Differential branching fraction and angular analysis of $\Lambda^{0}_{b} \rightarrow \Lambda \mu^+\mu^-$ decays

Abstract

The differential branching fraction of the rare decay $\Lambda^{0}_{b} \rightarrow \Lambda \mu^+\mu^-$ is measured as a function of $q^{2}$, the square of the dimuon invariant mass. The analysis is performed using proton-proton collision data, corresponding to an integrated luminosity of $3.0 \mbox{ fb}^{-1}$, collected by the LHCb experiment. Evidence of signal is observed in the $q^2$ region below the square of the $J/\psi$ mass.
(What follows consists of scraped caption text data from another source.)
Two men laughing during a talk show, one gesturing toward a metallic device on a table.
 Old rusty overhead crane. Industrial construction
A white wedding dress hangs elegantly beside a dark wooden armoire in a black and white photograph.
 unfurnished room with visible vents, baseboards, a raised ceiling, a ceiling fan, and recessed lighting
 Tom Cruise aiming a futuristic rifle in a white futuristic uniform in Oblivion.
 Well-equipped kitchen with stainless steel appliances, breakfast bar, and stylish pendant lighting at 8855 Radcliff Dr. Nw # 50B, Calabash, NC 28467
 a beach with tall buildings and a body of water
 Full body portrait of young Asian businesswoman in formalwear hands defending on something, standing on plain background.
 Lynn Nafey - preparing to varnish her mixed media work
Integrating over $15 < q^{2} < 20 \mbox{ GeV}^2/c^4$ the branching fraction is measured as $d\mathcal{B}(\Lambda^{0}_{b} \rightarrow \Lambda \mu^+\mu^-)/dq^2 = (1.18 ^{+0.09} _{-0.08} \pm 0.03 \pm 0.27) \times 10^{-7} ( \mbox{GeV}^{2}/c^{4})^{-1}$, where the uncertainties are statistical, systematic and due to the normalisation mode, $\Lambda^{0}_{b} \rightarrow J/\psi \Lambda$, respectively. In the $q^2$ intervals where the signal is observed, angular distributions are studied and the forward-backward asymmetries in the dimuon ($A^{l}_{\rm FB}$) and hadron ($A^{h}_{\rm FB}$) systems are measured for the first time. In the range $15 < q^2 < 20 \mbox{ GeV}^2/c^4$ they are found to be $A^{l}_{\rm FB} = -0.05 \pm 0.09 \mbox{ (stat)} \pm 0.03 \mbox{ (syst)}$ and $A^{h}_{\rm FB} = -0.29 \pm 0.07 \mbox{ (stat)} \pm 0.03 \mbox{ (syst)}$.